All is empty. All is meaningless. The essence of the Panna Sutra is the message of empty relativity. The Panna Sutra is a famous Buddhist guidance and teaching book.
It consists only of 262 Chinese characters, but the message is deep and extraordinary. Buddha’s enlightenment shows us deep analysis of the mind with thorough introspection. He suggests that a mind is comprised of 5 elements including perception, thinking, behavior, emotion, and representation, but these elements are always changeable and unstable, and therefore we can not rely on them. Also, leading a life with an unreliable mind is like the wandering and changing of clouds. All material things are deemed dissolute and are lost in the end.
Our existence has the same destiny as all material things. Our lives are the same as clouds, winds, fire, and are an extremely small part of the endless cosmos. Our bodies are false beings as a transient combination of materials, and the mind is also a false phenomenon with which many people are preoccupied. All these false beings result in pain and agony in our lives.
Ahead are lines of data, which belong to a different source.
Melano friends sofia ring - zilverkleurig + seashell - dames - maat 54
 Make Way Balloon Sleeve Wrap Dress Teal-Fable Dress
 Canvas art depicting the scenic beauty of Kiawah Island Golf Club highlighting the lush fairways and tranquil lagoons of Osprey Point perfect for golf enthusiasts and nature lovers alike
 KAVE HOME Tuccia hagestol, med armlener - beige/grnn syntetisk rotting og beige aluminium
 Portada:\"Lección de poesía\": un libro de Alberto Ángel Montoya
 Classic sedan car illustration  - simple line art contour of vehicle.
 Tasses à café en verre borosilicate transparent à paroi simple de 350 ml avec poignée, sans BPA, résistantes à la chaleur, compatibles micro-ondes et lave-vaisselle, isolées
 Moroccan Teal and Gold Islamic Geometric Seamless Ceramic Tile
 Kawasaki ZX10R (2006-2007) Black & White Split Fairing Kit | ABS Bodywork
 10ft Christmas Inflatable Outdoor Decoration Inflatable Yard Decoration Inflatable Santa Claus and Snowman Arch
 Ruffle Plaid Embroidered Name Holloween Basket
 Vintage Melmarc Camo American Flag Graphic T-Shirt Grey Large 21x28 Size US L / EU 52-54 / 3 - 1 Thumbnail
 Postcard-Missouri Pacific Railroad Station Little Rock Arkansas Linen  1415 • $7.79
Our major illness is preoccupation with unbelievable phenomena and the belief in absolutely real beings. The only resolution of this illness suggested by Buddha is the complete elimination of all thinking and desire. This message sounds like Bion's dictum that is without memory or desire. Buddha's demand sounds impossible in modern life, but Freud's demand to free the mind, similarly, is not easy.
I reviewed the Panna Sutra from a psychoanalytic perspective, but this work seemed useless or unnecessary in trying to explain the big tree with a seed. Here I did not analyse the Panna Sutra itself, but focused on its messages. Buddha’s messages reflect ancient Indian thought and philosophy, the need to cut off all pleasure, desire and thought. Buddha seems to reject the separation and individuation, maturation process, and devote himself to unification and integration, the infantile omnipotent oceanic feeling state, and the auto-generating condition of ecstasy. In reality we can regress to childhood or go forward to the aging process.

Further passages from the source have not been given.